# FW Sailfin Molly in SW gave birth



## Dax (Sep 29, 2010)

Had an empty QT going so I thought of trying a FW fish in SW. I put in 1 male and 1 female pregnant Sailfin Molly a week and a half ago.
Here is the chronology:
- Drip acclimated them over 6 hours to 1.022
- Both fine and feeding. Hard to tell strange behaviour because it was inconsistent. Sometimes at top otherwise moving to all levels.
- Fourth day Male didn't make it. Looked fine in the morning.
- Started to lower salinity (1.020) just in case but female was doing fine.
- Planned to give away fish to FW tank but didn't work out.
- Today found 4 live fry in tank. One got sucked into canister filter as I was catching them to put in a breeder net.
- Looked in canister and found 25 more live. Only one didn't make it. I wouldn't believe it if I didn't see it.

All ~30 fry in breeder, eating and swimming like healthy fish. Not sure what to do now but let's see what happens.

Salinity in tank is currently 1.023 and tank is at room temp ~23 deg C.

For those wanting to try FW to SW, this is just an affirmation that Mollies are possible.


----------



## cablemike (Jan 7, 2009)

Mollies are a brackish water fish to begin with. I had a pea puffer that was converted from brackish to full salt.


----------



## damsel_den (Oct 31, 2011)

Dax said:


> Not sure what to do now but let's see what happens.


I have a really cute frog fish who would love a snack


----------



## teemee (Aug 29, 2009)

I've heard of people keeping mollies in their sump to feed the fry to their tank.


----------



## Sunstar (Jul 29, 2008)

Maybe I should get a molly or something for my 10 gallon....


----------



## teemee (Aug 29, 2009)

Sunstar said:


> Maybe I should get a molly or something for my 10 gallon....

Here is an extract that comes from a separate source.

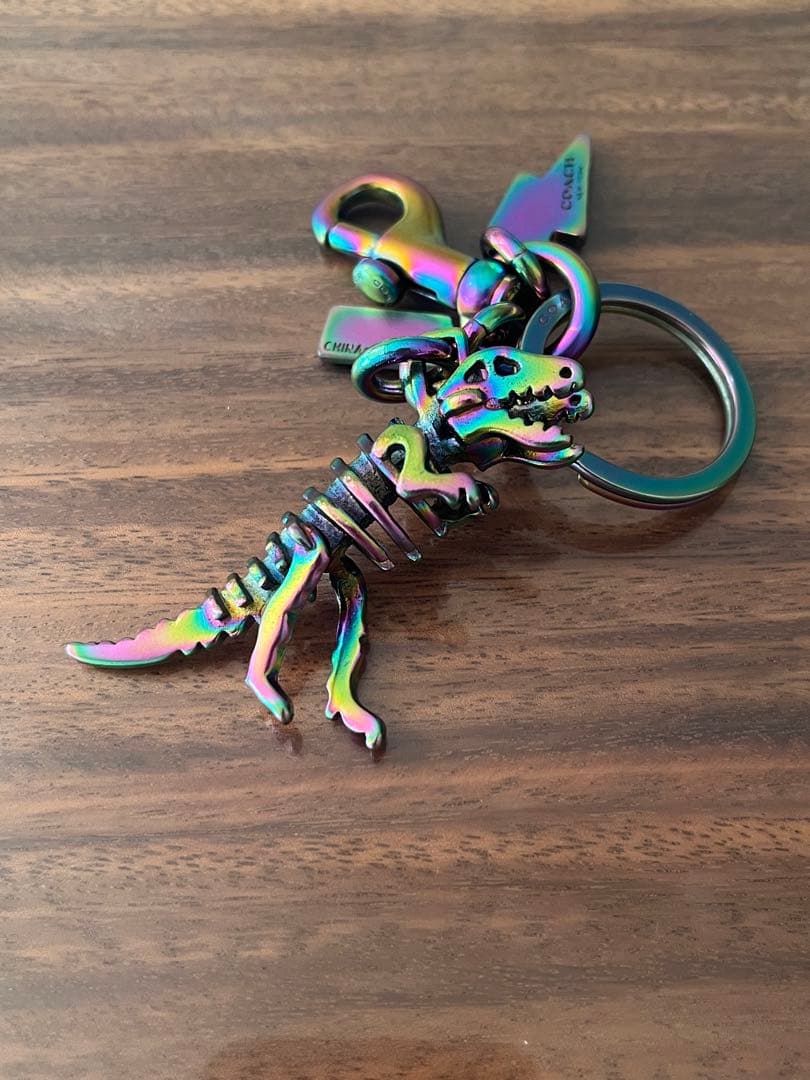美品 【COACH】コーチ /レキシー虹色恐竜-レインボーキーホルダー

There are so many cool sw fish you can put in a 10g. Personally, I'd prefer a ywg, pygmy pink streaked wrasse, possum wrasse, clown goby, etc. to a molly, but to each his own.


----------



## Sunstar (Jul 29, 2008)

I want a clown goby... 
and really waht I want the most Is a Royal gramma.


----------



## damsel_den (Oct 31, 2011)

I agree with teemee! Its a waste of space in such a small tank, I'd go with a cool small sw fish !


----------



## bigfishy (Jun 19, 2009)

molly is good to clean off algae

I got a molly in my saltie tank


----------



## damsel_den (Oct 31, 2011)

Maybe its just me, but the space is so limited , expecially in a 10 gallon and there's just to many cool things that I just wouldn't put one in it just takes up room. 

Sent from my BlackBerry 9900 using Tapatalk


----------



## Dax (Sep 29, 2010)

teemee said:


> There are so many cool sw fish you can put in a 10g. Personally, I'd prefer a ywg, pygmy pink streaked wrasse, possum wrasse, clown goby, etc. to a molly, but to each his own.


After the Molly looked like I could add it to the main tank I was wondering what the heck I was doing when the whole point of SW was to add "cooler" stuff.


----------



## altcharacter (Jan 10, 2011)

bigfishy said:


> molly is good to clean off algae
> 
> I got a molly in my saltie tank


There are literally a thousand other kind of critters that are so much cooler to clean algae...although it's pretty cool to see a molly swimming past a clown.

P.S. Clown Goby's kick ass!!


----------